Sebaliknya, orang yang memiliki kebiasaan berbicara buruk, misalnya suka mencaci, mencela, mengutuk, berghibah, membicarakan aib sahabatnya, dan berkata-kata kotor –kata-kata yang membuat murka Allah–  ia telah melakukannya dengan kendali otak bawah sadar. Keadaan seperti ini terjadi karena ia tidak berusaha menghentikannya dan selalu saja membiarkan keluar dari lisannya. Orang semacam ini telah mengabaikan perintah Allah dan Rasul-Nya untuk berbicara baik. Pengabaian yang berulang-ulang hingga membentuk kebiasaan pada hakekatnya adalah bentuk keingkaran yang telah terbiasa dilakukannya. Oleh karena itu, Allah menjerumuskan orang semacam ini ke neraka Jahanam, dikarenakan kebiasaan ingkarnya tersebut.

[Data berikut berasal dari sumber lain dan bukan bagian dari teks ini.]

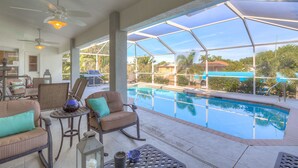 Ein überdachter Außenbereich mit Pool, Sitzgelegenheiten und Deckenventilatoren.
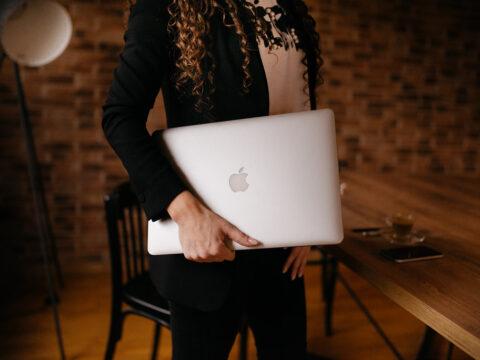 A young business woman holding Macbook in his home office.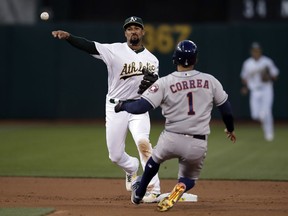 Oakland Athletics' Marcus Semien, left, throws over Houston Astros' Carlos Correa (1) to complete a double play on Josh Reddick during the second inning of a baseball game Wednesday, April 17, 2019, in Oakland, Calif.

Apa yang dipelajari oleh seseorang melalui penglihatan dan pendengarannya. membentuk tata nilai yang ia yakini. Tatanilai tersebut membentuk prosedur baku dalam otak yang berfungsi sebagai processor atas segala masukan informasi penglihatan, pendengaran dan perasaan hatinya. Keluaran dari processor tersebut berupa kata-kata yang diucapkan, ekspresi wajah, sikap dan tindakan.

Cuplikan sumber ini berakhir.